» **Exercise brief**: From the material below, reproduce exactly the stretch of lines that begins with the line holding "man doing a hearing test" and ends with the line holding "A large room", skipping the pictures.

» **Input for this task**:
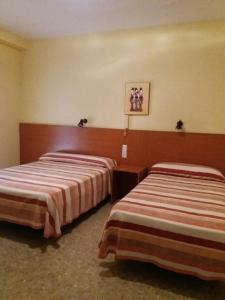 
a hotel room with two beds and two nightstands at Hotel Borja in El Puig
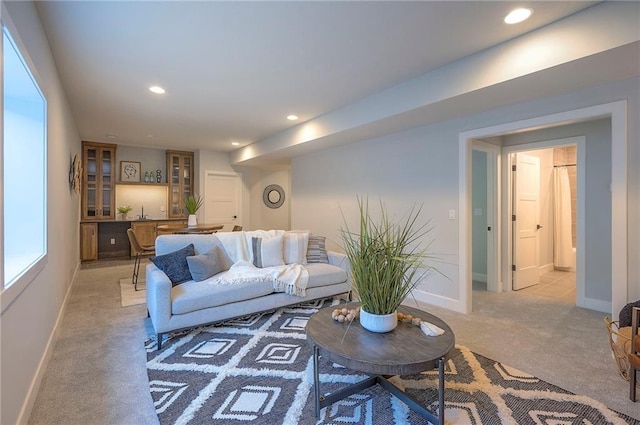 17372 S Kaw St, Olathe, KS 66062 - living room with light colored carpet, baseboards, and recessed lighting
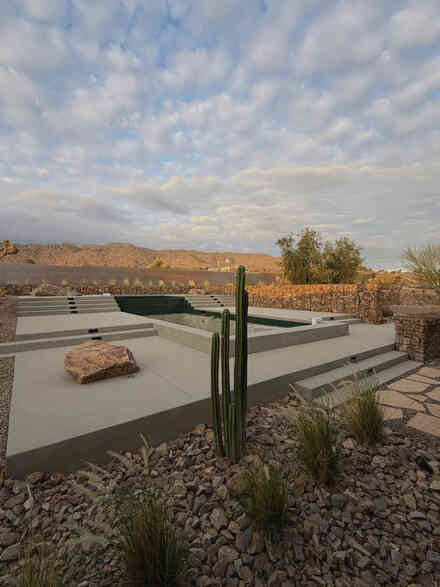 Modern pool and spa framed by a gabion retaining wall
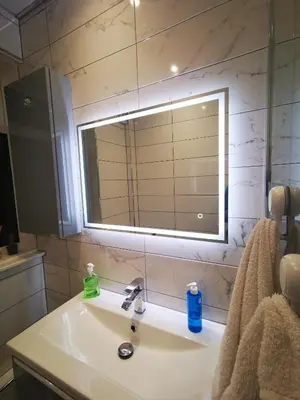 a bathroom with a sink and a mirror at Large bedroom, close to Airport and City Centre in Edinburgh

...

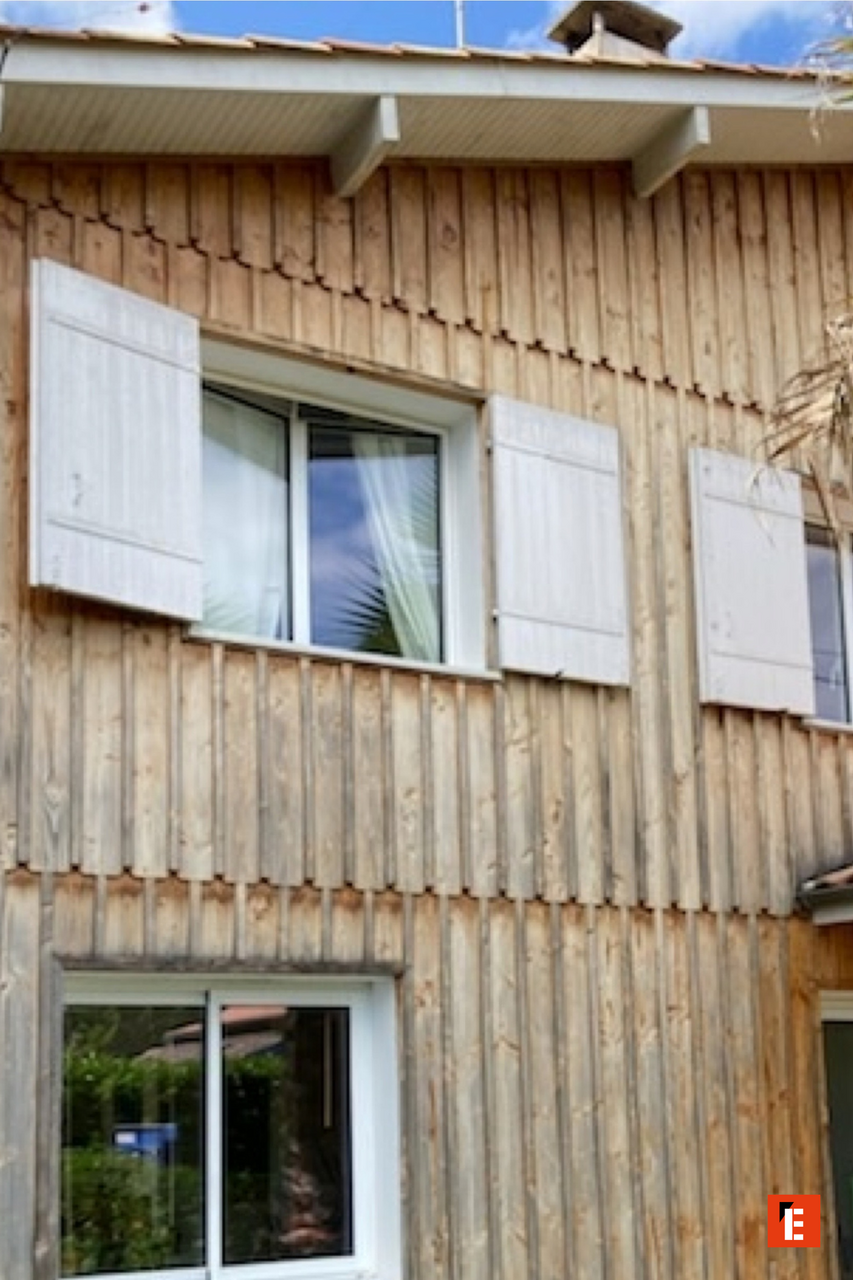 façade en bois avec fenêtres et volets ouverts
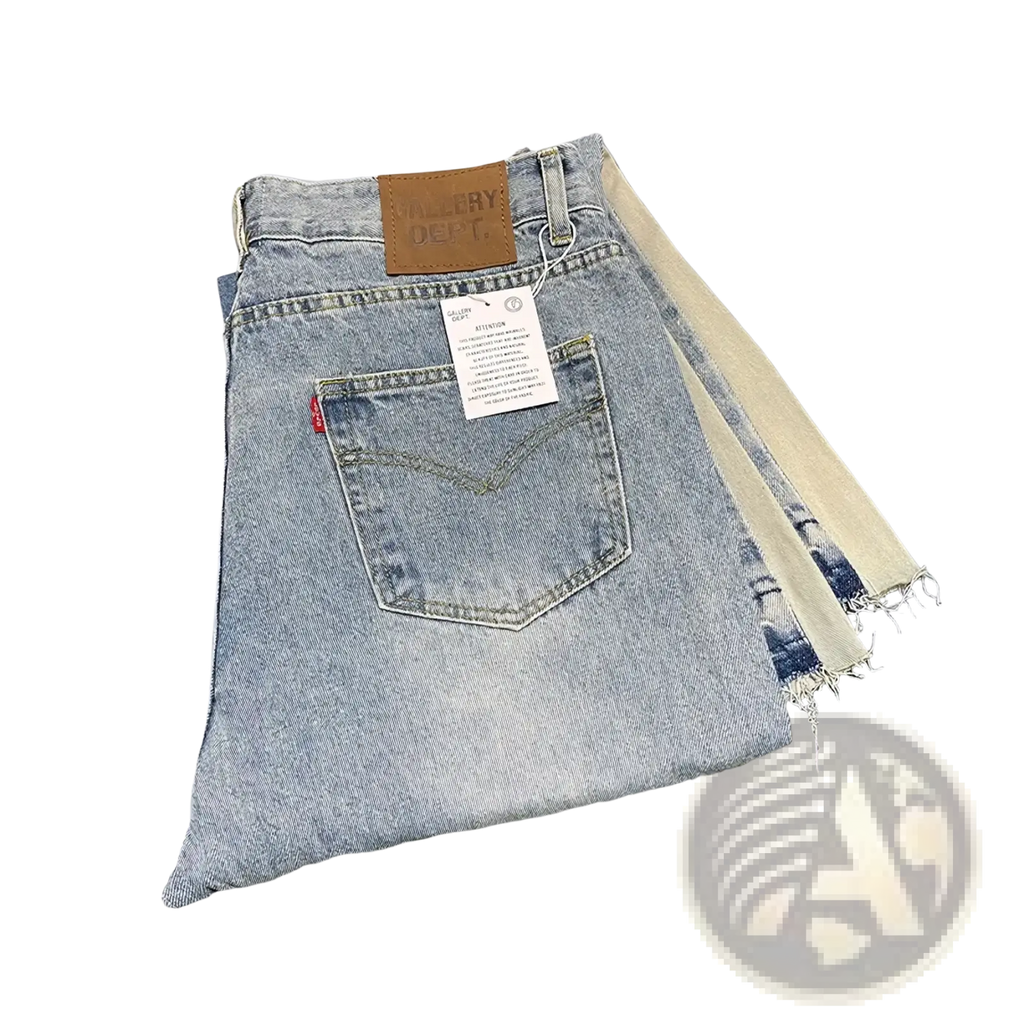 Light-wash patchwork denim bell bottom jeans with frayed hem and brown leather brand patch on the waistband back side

...

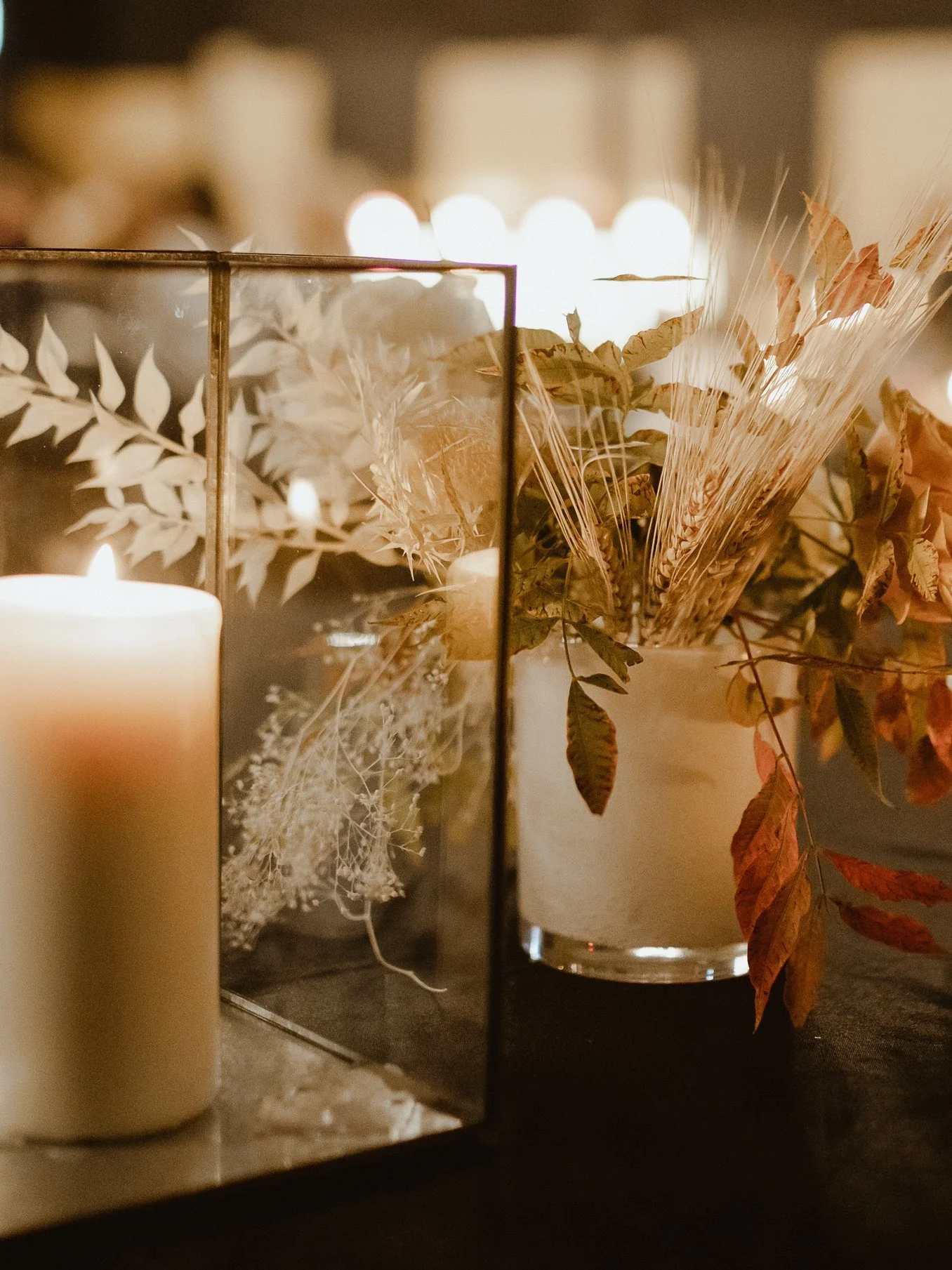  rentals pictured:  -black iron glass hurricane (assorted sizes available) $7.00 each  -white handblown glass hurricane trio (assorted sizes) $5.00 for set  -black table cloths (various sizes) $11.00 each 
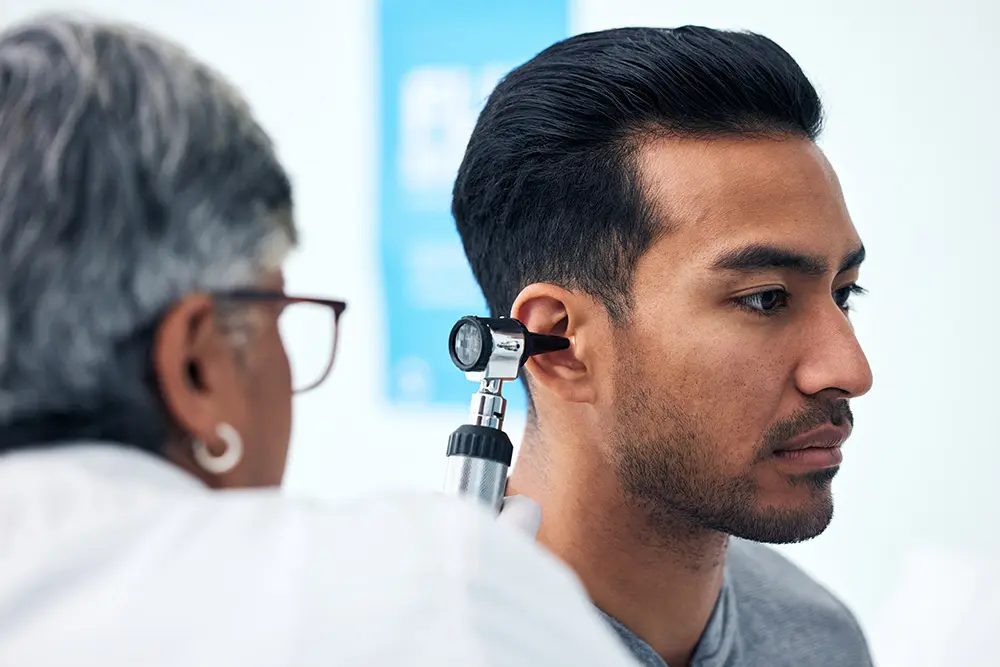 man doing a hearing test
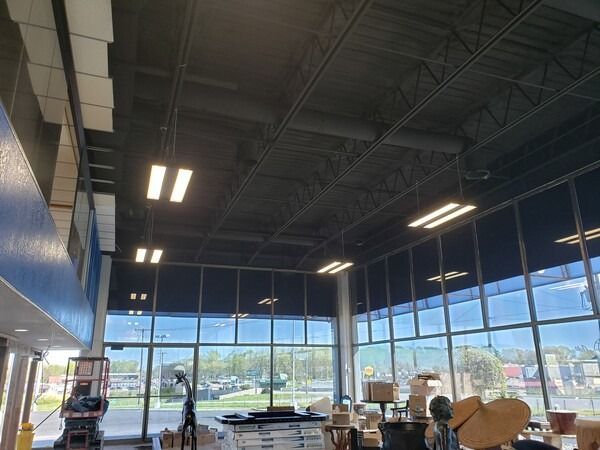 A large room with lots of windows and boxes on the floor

» **Written answer**:
 man doing a hearing test
 A large room with lots of windows and boxes on the floor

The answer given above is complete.